Ahir et Loungani concluent de leur analyse que les prévisionnistes ont une capacité limitée pour prédire les points de retournement. En outre, réduire l’horizon de prévision n’améliore par significativement la capacité des économistes à prévoir les points de retournement. Ensuite, les résultats ne changent pas lorsque les auteurs utilisent une définition plus précise des récessions qui serait basée sur les données trimestrielles. De plus, les prévisionnistes n’ont pas seulement échoué à prédire la Grande Récession ; ils ont également échoué à prédire les précédentes récessions. Enfin, les institutions publiques et les agences internationales comme le FMI et l’OCDE ne sont pas significativement meilleures dans leurs prévisions que les organisations privées. 

Pour expliquer ces difficultés de prévision, Ahir et Loungani rejettent l’idée selon laquelle les prévisionnistes n’actualiseraient pas suffisamment souvent leurs prévisions pour anticiper une récession. Elles ne sont tout simplement pas suffisamment révisées à la baisse. Les auteurs avancent alors trois types de raisons pour expliquer ce biais à la hausse.

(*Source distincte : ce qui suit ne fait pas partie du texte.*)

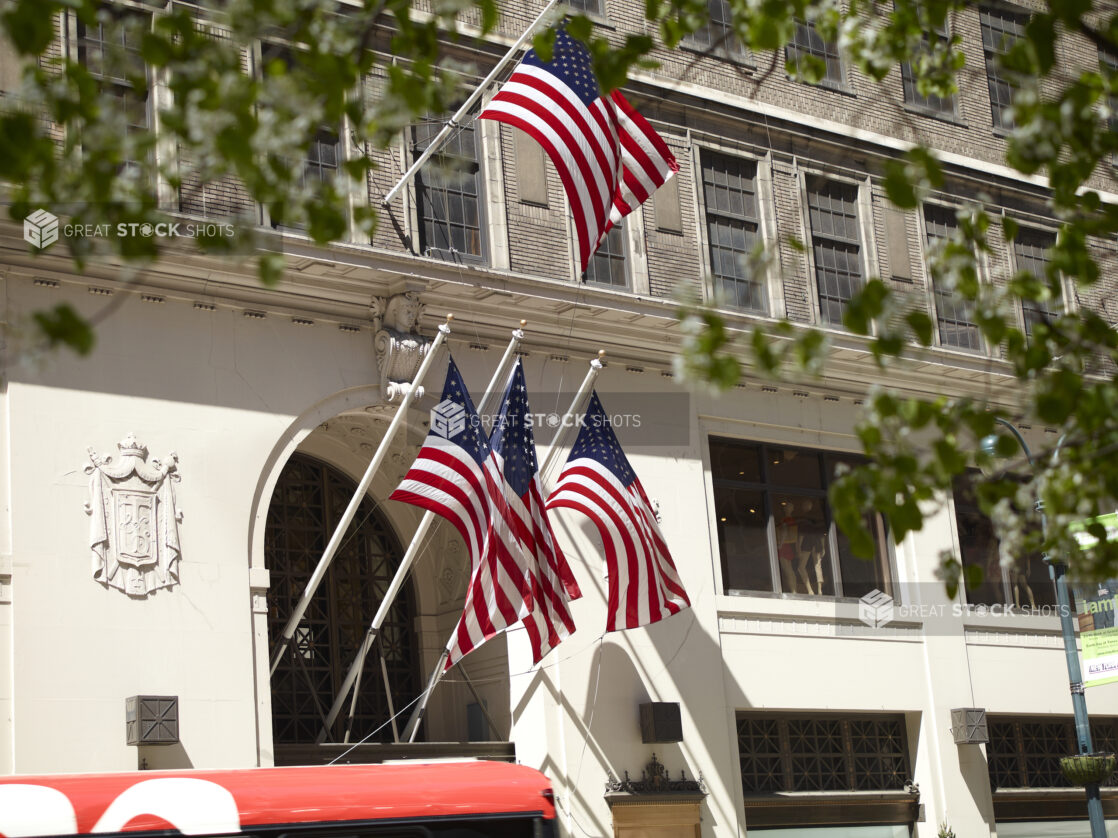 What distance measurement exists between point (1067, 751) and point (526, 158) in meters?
13.5

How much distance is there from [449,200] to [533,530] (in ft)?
17.4

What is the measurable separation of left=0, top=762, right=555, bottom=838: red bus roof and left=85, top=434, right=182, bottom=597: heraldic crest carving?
16.0 ft

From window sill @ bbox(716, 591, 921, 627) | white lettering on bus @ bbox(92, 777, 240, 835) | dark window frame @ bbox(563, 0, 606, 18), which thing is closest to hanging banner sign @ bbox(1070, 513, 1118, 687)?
window sill @ bbox(716, 591, 921, 627)

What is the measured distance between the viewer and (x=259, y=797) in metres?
11.8

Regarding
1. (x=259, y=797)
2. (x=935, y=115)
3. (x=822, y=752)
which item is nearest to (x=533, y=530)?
(x=259, y=797)

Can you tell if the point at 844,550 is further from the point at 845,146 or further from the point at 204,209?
the point at 204,209

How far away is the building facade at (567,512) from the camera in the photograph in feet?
54.0

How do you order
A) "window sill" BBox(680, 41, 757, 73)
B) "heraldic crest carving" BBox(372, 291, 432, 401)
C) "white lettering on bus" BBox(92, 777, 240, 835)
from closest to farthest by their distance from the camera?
"white lettering on bus" BBox(92, 777, 240, 835), "heraldic crest carving" BBox(372, 291, 432, 401), "window sill" BBox(680, 41, 757, 73)

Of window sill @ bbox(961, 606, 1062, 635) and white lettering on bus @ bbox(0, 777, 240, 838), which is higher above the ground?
window sill @ bbox(961, 606, 1062, 635)

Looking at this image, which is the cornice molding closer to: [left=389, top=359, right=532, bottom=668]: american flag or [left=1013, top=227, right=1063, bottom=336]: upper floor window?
[left=389, top=359, right=532, bottom=668]: american flag

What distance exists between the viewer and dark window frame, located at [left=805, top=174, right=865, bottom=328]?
24.5 m

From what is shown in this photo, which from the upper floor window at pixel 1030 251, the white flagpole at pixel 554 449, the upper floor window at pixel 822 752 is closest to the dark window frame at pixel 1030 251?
the upper floor window at pixel 1030 251

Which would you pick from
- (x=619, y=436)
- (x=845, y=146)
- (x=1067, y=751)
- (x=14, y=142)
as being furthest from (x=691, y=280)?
(x=14, y=142)

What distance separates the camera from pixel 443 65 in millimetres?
19391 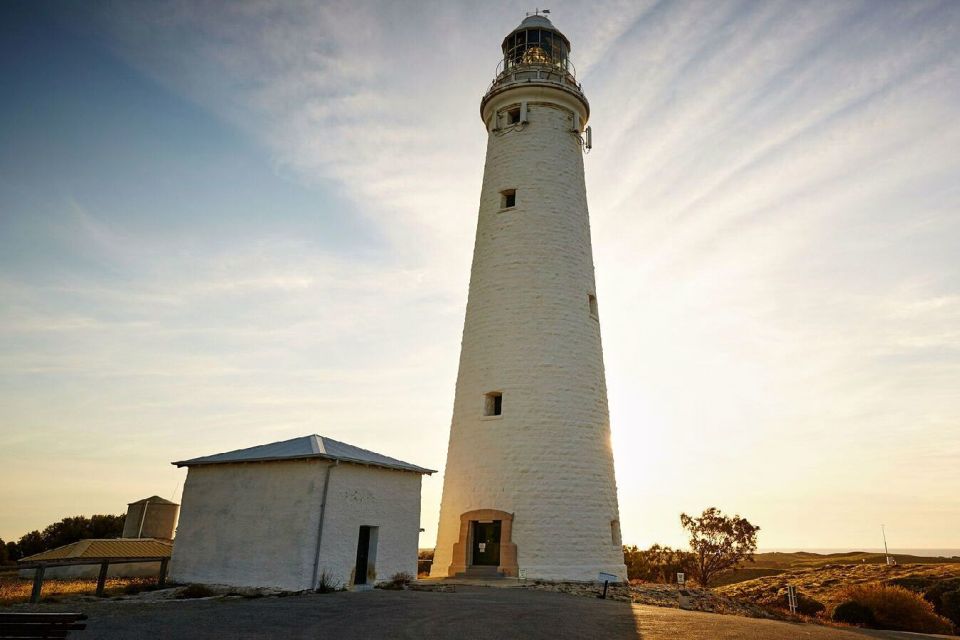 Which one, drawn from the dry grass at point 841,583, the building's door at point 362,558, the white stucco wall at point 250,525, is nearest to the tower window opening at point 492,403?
the building's door at point 362,558

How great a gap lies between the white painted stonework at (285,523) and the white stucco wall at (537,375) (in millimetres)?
3251

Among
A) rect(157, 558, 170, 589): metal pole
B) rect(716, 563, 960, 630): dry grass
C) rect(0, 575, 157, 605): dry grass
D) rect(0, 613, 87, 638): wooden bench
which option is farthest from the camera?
rect(716, 563, 960, 630): dry grass

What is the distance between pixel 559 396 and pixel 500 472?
2858 millimetres

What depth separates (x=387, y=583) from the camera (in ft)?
52.0

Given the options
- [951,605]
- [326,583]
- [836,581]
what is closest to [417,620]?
[326,583]

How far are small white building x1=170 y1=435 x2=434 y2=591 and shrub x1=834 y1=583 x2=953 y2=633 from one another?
13.0 metres

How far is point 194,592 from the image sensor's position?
14.0 meters

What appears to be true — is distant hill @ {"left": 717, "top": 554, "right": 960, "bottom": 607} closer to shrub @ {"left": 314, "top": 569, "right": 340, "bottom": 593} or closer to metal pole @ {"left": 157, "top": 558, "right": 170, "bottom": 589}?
shrub @ {"left": 314, "top": 569, "right": 340, "bottom": 593}

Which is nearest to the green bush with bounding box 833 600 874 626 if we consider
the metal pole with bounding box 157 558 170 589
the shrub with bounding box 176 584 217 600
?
A: the shrub with bounding box 176 584 217 600

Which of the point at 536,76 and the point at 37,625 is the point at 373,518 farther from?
the point at 536,76

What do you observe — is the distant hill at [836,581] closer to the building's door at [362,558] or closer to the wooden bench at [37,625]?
the building's door at [362,558]

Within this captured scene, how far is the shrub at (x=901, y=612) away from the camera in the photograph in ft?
56.7

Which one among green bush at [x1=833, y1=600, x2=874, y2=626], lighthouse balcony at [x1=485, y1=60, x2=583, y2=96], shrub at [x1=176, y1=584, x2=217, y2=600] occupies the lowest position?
green bush at [x1=833, y1=600, x2=874, y2=626]

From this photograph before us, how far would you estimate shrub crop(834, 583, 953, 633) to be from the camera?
17.3 meters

Premièrement, les prévisionnistes peuvent ne pas disposer suffisamment d’informations ou bien ils utilisent des modèles économiques qui ne sont pas suffisamment pertinents. En outre, les récessions sont générées par des chocs, telles que les crises politiques, qu’il est difficile d’anticiper. Deuxièmement, les prévisionnistes pourraient ne pas être incités à anticiper une récession. Ils subiraient des coûts importants, notamment en termes de réputation, s’ils anticipaient à tort une récession, alors qu’ils tireraient peu de bénéficies s’ils anticipaient correctement une récession. Troisièmement, Ahir et Loungani suggèrent des raisons proprement comportementales : les prévisionnistes pourraient avoir tendance à s’en tenir à leurs prévisions et ne les réviserait que lentement et insuffisamment en réponse aux nouvelles informations.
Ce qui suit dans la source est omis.